The past week has been extremely exciting and nerve-wrecking. My team has finally completed the migration from on-premise to the cloud. It’s the first time that I’ve done anything like this and I’m blessed to have someone senior to lead us through the migration period.
ps: I wrote but forgot to post so this was actually 2-3 weeks ago
I’m a part of the MyCareersFutureSG team, so our users are the working population of Singapore, and we host hundreds of thousands of job postings, so there are definitely some challenge in migrating the data.
It’s the first time that I’ve handled such huge amounts of data when migrating across platform and the validation and verification process is really scary, especially when we couldn’t get the two checksum to match. It’s also the first time that I’ve done multiple Kubernetes cluster base image upgrade rollover. There were multiple occasions where we were scared that the cluster will completely crash but it managed to survive the transition.
Let me sum up the things I’ve learnt over the migration.
- When faced with large amount of data, divide and conquer. Split data into smaller subsets so that you have enough resource to compute.
- When rolling nodes, having two separate auto scaling groups will allow you to test the new image before rolling every single node.
- If you want to tweak the ASG itself, detach all the nodes first so that you will have an “unmanaged” cluster, then no matter what you do to the existing ASG, at least your cluster will still stay up.
- When your database tells you that the checksum doesn’t match, make sure that when you dump the data, it’s in the right collation, or right encoding format
- Point your error pages at a static provider like S3, because if you point it at some live resource, there’s a chance that a mis-configuration will show an ugly 503 message. (something that happened briefly for us)

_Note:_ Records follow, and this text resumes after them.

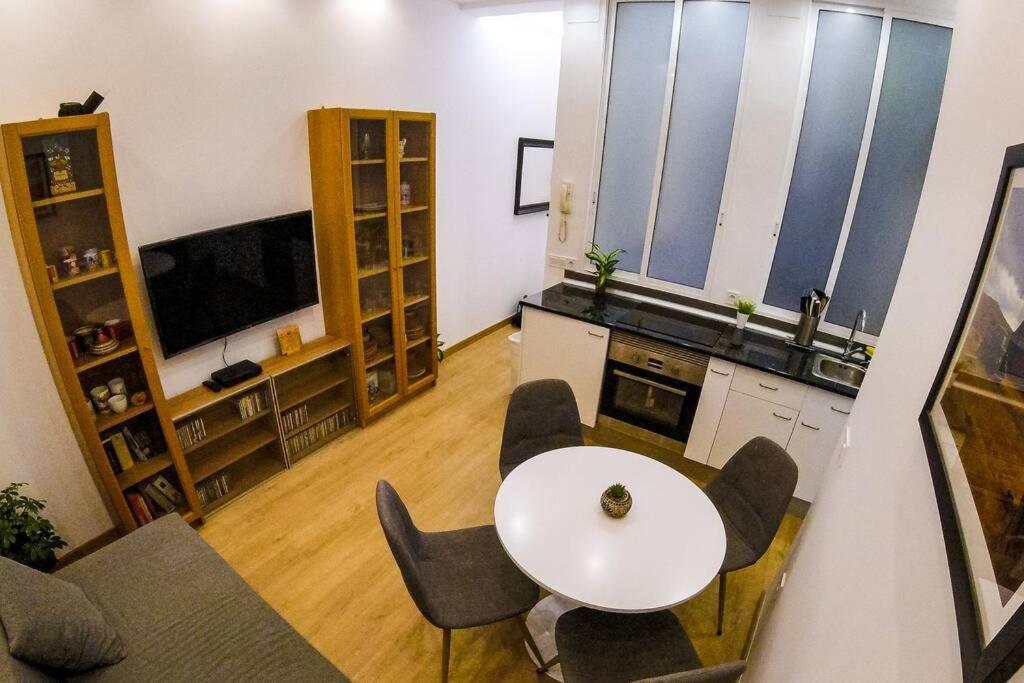 Piso Vip Anton Martin. Centro. Apartamento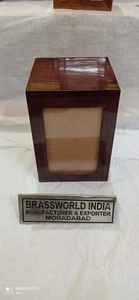 โกศบรรจุอัฐิทองเหลืองทรงกล่องไม้ สไตล์อเมริกัน อุปกรณ์งานศพโดยบรัสเวิลด์ อินเดีย - Product Image 6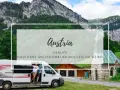 Kamperem przez Austrię, z widokiem na góry i urokliwy kościółek. Vanlife w Alpach to marzenie!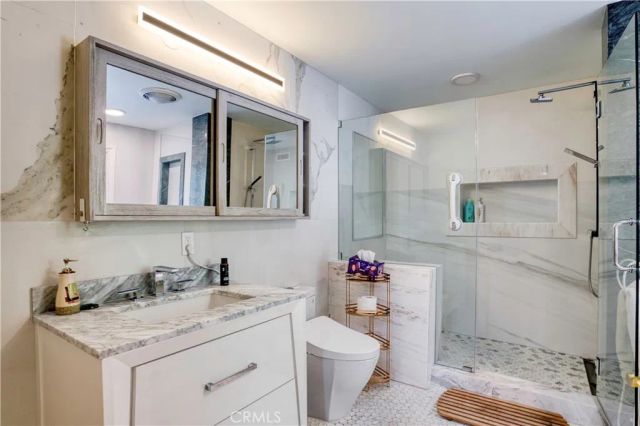 1 Royal Saint George, Newport Beach, CA 92660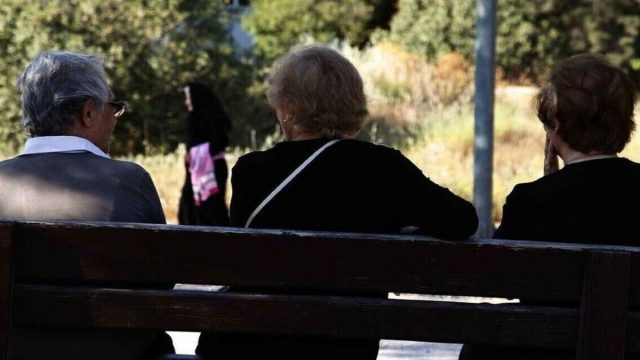 Συνταξιούχοι… πολλών ταχυτήτων: Πώς θα κυμανθούν οι αυξήσεις από το 2026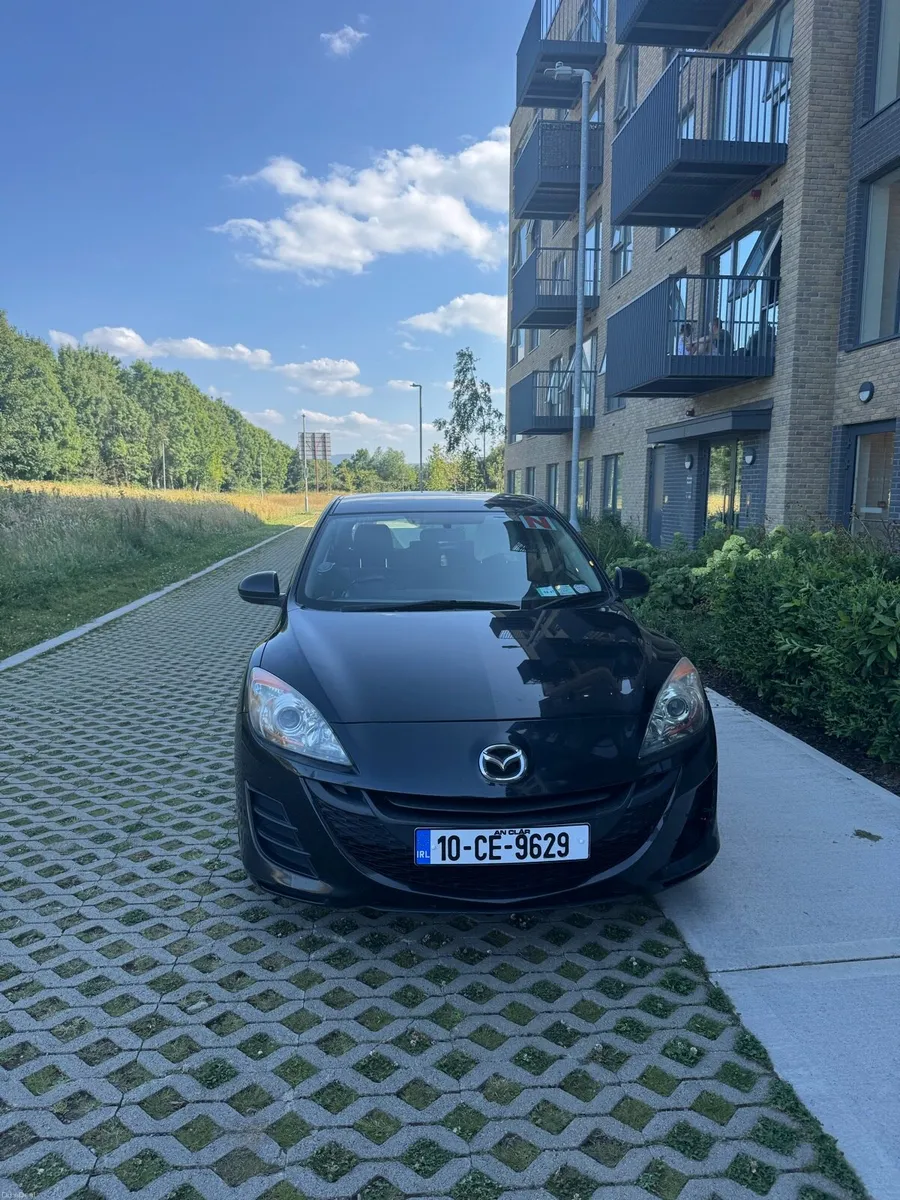 Mazda 3 2010 - Image 2
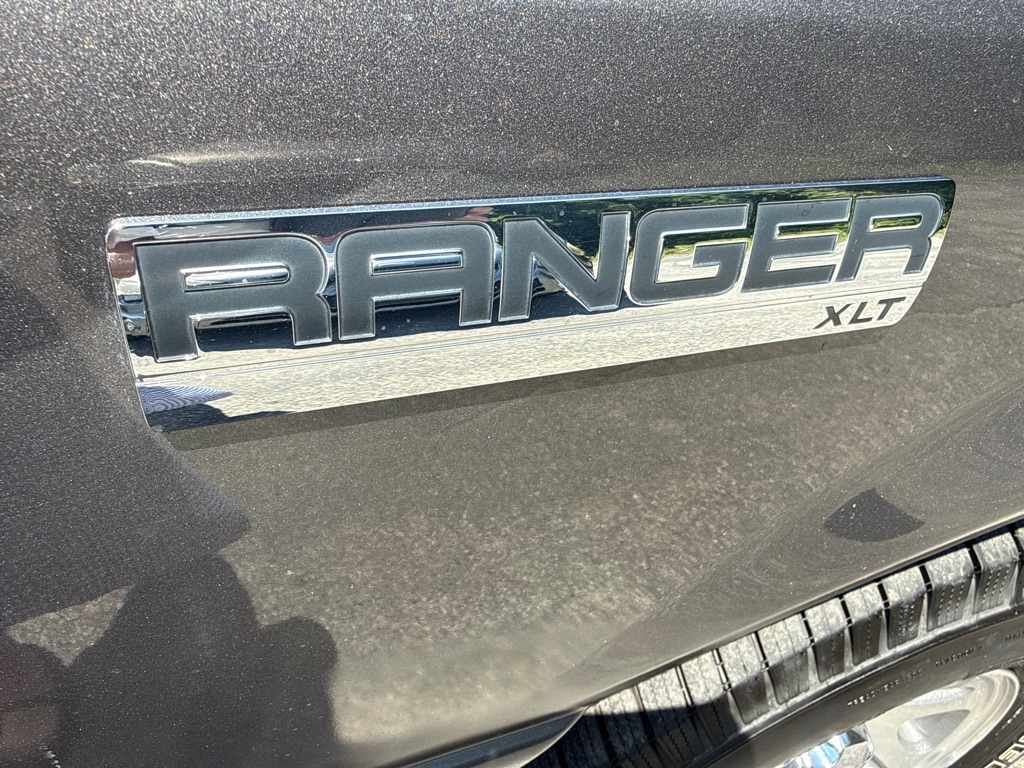 Photo 3 of this FORD RANGER XLT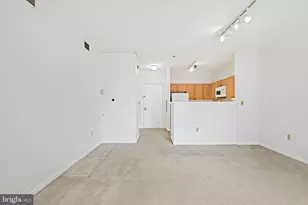 1645 International Dr, McLean, VA 22102 - Photo 9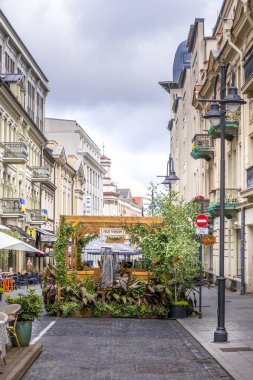 Vilnius, Litvanya - 12 Eylül 2022 Vilnius Eski Kasabası. Küçük dükkanları ve açık kafeleri olan küçük Vilnius caddesine bakın. Vilnius Litvanya 'nın başkentidir..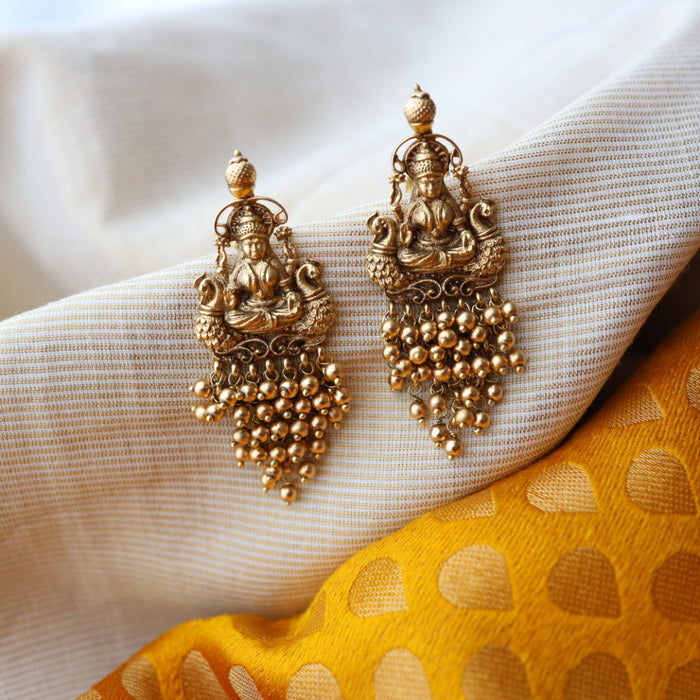 Antique gold studd earrings AD008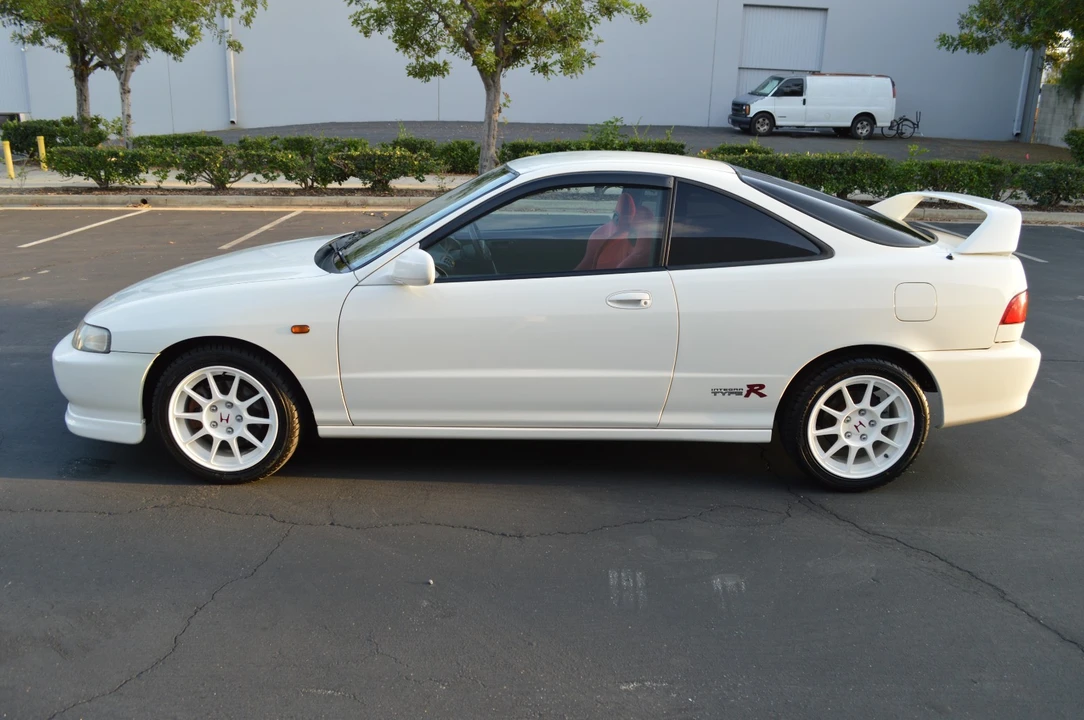 2000 Acura Integra Type R 3rd Gen - Image 4 of 31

- Data less than 100GB is somewhat reasonable to migrate over the internet these days
- Running checksum hash on thousands and thousands files is quite computationally and memory intensive, provision enough resources for it.
Overall, the migration actually went over quite well and we completed ahead of time. Of course, the testing afterwards is where we find bugs that we have never found before because it’s the first time in years that so many eyes are on the system at the same time.
The smoothness is also thanks to the team who has carefully planned the steps required to migrate the data over, as well as setup streaming backups to the new infrastructure so that half of the data is already in place and we just need to verify that the streamed data is bit perfect.
Since it’s been a couple of weeks since this happened, I realize that I am lucky to be blessed with the opportunity to do something like this. Cause I’ve just caught up with my friends and most of the times, their job scopes don’t really allow them to do something that far out of scope. Which… depending on your stage of life it could be viewed as a pro/con. I’m definitely viewing this 4 day migration effort over a public holiday weekend as positive cause it’s something not everyone can experience so early on in their career!